Rowan County clerk Kim Davis (second from left) is shown in this courtroom sketch during her contempt of court hearing for her refusal to issue marriage certificates to same-sex couples, at the United States District Court in Ashland, Kentucky, on Sept. 3, 2015.Reuters

At least two Republican presidential bets—former Arkansas governor Mike Huckabee and Kentucky Sen. Rand Paul—expressed support to a Kentucky county clerk who was sent to jail on Thursday after being held in contempt of court by a US federal judge for her refusal to issue marriage licenses to same-sex couples on religious grounds.

Huckabee said he talked to Rowan County Clerk Kim Davis on Wednesday to offer "prayers and support," according to Newsmax. Huckabee is a Southern Baptist minister.

"Kim Davis in federal custody removes all doubts about the criminalisation of Christianity in this country," Huckabee said.

Christian lobbying group Family Research Council said religious freedom in the United States was under attack. It urged Kentucky Governor Steve Beshear to call for a special session of the state legislature to alter the law to accommodate clerks like Davis.

Paul also said he supports Davis. Republican presidential bets Carly Fiorina and Lindsey Graham, on the other hand, said Davis should have complied with the law.

A crying Davis was led away on Thursday by US marshals who confirmed she was under arrest.

"The court doesn't do this lightly," District Court Judge David Bunning said in ordering that she be taken into custody.

Davis had been refusing to issue licenses to any couples, either gay or straight, since June when the US Supreme Court legalised same-sex marriage throughout the nation.

During Thursday's hearing at the district court in Ashland, Kentucky, Davis maintained that a marriage can only be between a man and a woman as God himself mandated. "Marriage is a union between one man and one woman," the soft-spoken county clerk said under questioning by her attorney.

Davis insists that her refusal to grant marriage licensed is based on "God's authority."

Kentucky governor won't intervene

Kentucky Gov. Steve Beshear has refused to intervene in the case of Davis, who continued refusing to issue marriage license despite a ruling by the US Supreme Court on Monday denying her request for a stay in a lower court decision ordering her to do her job.

"There are obviously strong feelings on both sides of this issue, but the United States Supreme Court has spoken and same-sex marriage is now legal in Kentucky and the rest of the United States. Regardless of whatever their personal feelings might be, 117 of our 120 county clerks are following the law and carrying out their duty to issue marriage licenses regardless of gender," he said in a statement.
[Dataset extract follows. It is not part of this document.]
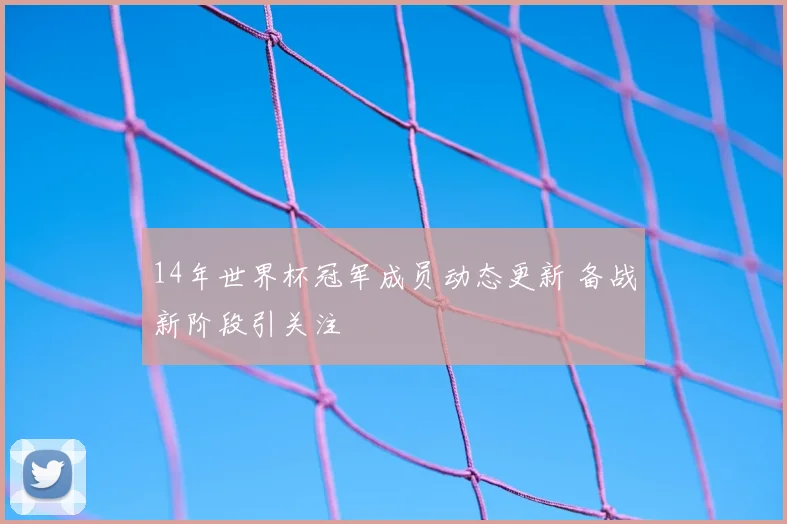 14年世界杯冠军成员动态更新 备战新阶段引关注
Beshear said he has no legal authority to relieve or remove Davis from her job.

Davis was sued by four couples who failed to get marriage license from the county clerk's office.

She then sued Beshear, accusing him of violating her First Amendment rights.

"Neither your oath nor the Supreme Court dictates what you must believe. But as elected officials, they do prescribe how we must act," Beshear said in a directive to all county clerks.

Pastor says homosexuality subject to 'personal interpretation'

Beshear's pastor, meanwhile, said he does not teach about homosexuality in his congregation and says the issue is up to "personal interpretation."

Senior Pastory Kory Wilcoxson of the Crestwood Christian Church, of which Beshear is a member, said the church does not speak on social and political issues and when it comes to homosexuality, it's up to members to interpret it.

"We believe that each person should be allowed to work out for themselves what Scripture says to them and how they interpret it," he said. "We don't take church-wide or denominational-wide stances."

He said, "What we try to do is to focus on what is essential to our faith and our belief in Jesus Christ, and that allows for the liberty of interpretations on other issues. So, if we believe a passage can be interpreted in different ways, then we allow for that and try to help our congregation members come to an understanding of that themselves, rather than telling them what they should believe."